A brisk rise in the general price level of the market or in an individual stock.

Reaction:

A temporary price weakness in a security following a price upswing.

Real Estate Investment Trust (REIT):

An investment vehicle that invests funds on behalf of its investors in real estate-related investments such as construction loans, mortgages, land and real estate company securities.

Real Interest Rate:

The nominal rate of interest minus the percentage change in the Consumer Price Index, or the rate of inflation.

Record Date:

The day a company sets as the last day people can buy stock and receive such things as dividends or rights. These people are called stockholders of record.

Red Herring:

A preliminary prospectus, so-called because certain information is printed in red ink around the border of the front page. It does not contain all the information found in the final prospectus. Its purpose is to ascertain the extent of public interest in an issue while it is being reviewed by a securities commission.

Redemption:

The purchase of securities by the issuing company from the holder, at a time and price stipulated in the original terms of the securities. The redemption price is the price at which debt securities or preferred shares may be redeemed at the option of the issuing company.

Refinancing or Refunding:

When new securities are sold by a government or a company and the money is used to pay off existing loans. The object may be to save interest costs, extend the maturity of the loan, or both.

Registered Pension Plan (RPP):

A RPP is a trust registered with Revenue Canada and established by a company to provide pension benefits for its employees when they retire. Both employee and employer contributions to the plan are tax deductible.

Registered Representative:

Now more commonly referred to as an investment advisor. This is a person employed by an investment dealer who provides investment advice to clients and executes trades on their behalf in securities and other investment products. Investment advisors must attain set educational qualifications, follow certain rules and regulations and be registered by the securities commission of the province in which he or she works.

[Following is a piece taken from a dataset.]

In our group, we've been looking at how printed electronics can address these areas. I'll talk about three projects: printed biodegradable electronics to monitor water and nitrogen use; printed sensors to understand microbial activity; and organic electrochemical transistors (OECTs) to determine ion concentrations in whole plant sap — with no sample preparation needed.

Registered Retirement Income Fund (RRIF):

A RRIF is a tax deferral vehicle available to Registered Retirement Savings Plan (RRSP) holders who de-register their plans. The plan holder invests the withdrawn RRSP funds in the RRIF and each year must withdraw and pay income tax on a set fraction of the total assets in the fund.

Registered Retirement Savings Plan (RRSP) :

A vehicle available to individuals to defer tax on a specified amount of money to be used for retirement. The holder invests money in one or more of a variety of investment vehicles which are held in trust under the plan. Income tax is deferred until the money (the amount originally deposited plus any interest or dividends made on that money) is withdrawn at retirement. RRSPs can be converted into Registered Retirement Income Funds.

Registered Security:

A security recorded on the books of a company in the name of the owner. It can only be transferred when the securities certificate is endorsed in that name and the certificate is forwarded to the transfer agent. Registered debt securities may be registered as to principal only or fully registered. In the case of fully registered debt securities, interest is paid by cheque rather than by coupons attached to the certificate.

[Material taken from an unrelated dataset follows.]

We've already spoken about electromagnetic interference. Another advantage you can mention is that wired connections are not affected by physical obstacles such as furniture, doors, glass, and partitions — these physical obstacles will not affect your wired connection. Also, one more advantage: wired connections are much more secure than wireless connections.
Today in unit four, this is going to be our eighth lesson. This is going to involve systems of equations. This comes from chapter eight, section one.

Registered Tax Deferral Savings Plans:

Government-approved savings plans such as Registered Pension Plans, Registered Retirement Savings Plans and Registered Retirement Income Funds, in which funds contributed by individuals are tax-deductible within certain limits and investment earnings accumulate in the plans on a tax-deferred basis until de-registration or maturity of the plans.

Registrar:

Usually a trust company appointed by a company to manage the issuance and registration of securities certificates.

Registration:

1. The process of securities registration involves filing a prospectus with the securities administrators as required under the Securities Act of each province in which the securities will be offered. 2. Investment dealers and sales staff involved in the investment business must be registered with the applicable self-regulatory organization. Before registration is allowed, basic standards must be met, such as minimum capital requirements for a firm and minimum educational qualifications for personnel.

Reporting Issuer:

A corporation that has issued and outstanding securities held by the public and is subject to the continuous disclosure requirements of securities administrators.

Repurchase Agreements:

An agreement between a seller and a buyer, usually in government securities, in which the seller agrees to buy back the security at a later date.

Resistance:

Used in technical analysis to describe a price level that a security has difficulty reaching.

Restricted Shares:

Shares that have limited voting rights or in some cases, no voting rights. These shares participate in a company's earnings and assets in liquidation as common shares do and are sometimes referred to as restricted common shares. Restricted shares may not command the same market price as voting common shares of the same company since they do not have voting rights.

Retained Earnings:

The cumulative total portion of annual earnings retained by a company after payment of all expenses and dividends. Can be considered money that the company puts back into its business for expansion, etc.

Retractable:

A feature which can be included in a new debt issue or preferred share which grants the holder the option, under specified conditions, to redeem the security on a stated date. This date would be prior to maturity in the case of a debt issue.

Return:

The income earned or a capital gain made on an investment.

Reverse Split:

The exchange of a greater number of a company's shares for a lesser number. For example, exchanging three shares for one. This results in a higher share price and less shares outstanding. This is also called a consolidation or a negative split.

Right:

The temporary privilege granted to a company's existing common shareholders to acquire additional common shares directly from the company at a stated price. The price is usually at a discount to the market price of the common stock on the day the rights are issued, and the rights only are good within a specified time period. Rights of listed companies trade on stock exchanges from the ex rights date until their expiry, so holders can either exercise the rights or they can sell them.

Right of Rescission:

The right of a purchaser of a new issue to withdraw from the purchase agreement within the specific province's applicable time limits if the prospectus contained an untrue statement or omitted a material fact.

Right of Withdrawal:

The right of a purchaser of a new issue to withdraw from the purchase agreement within two business days after receiving the prospectus.

Risk:

The future chance or probability of loss.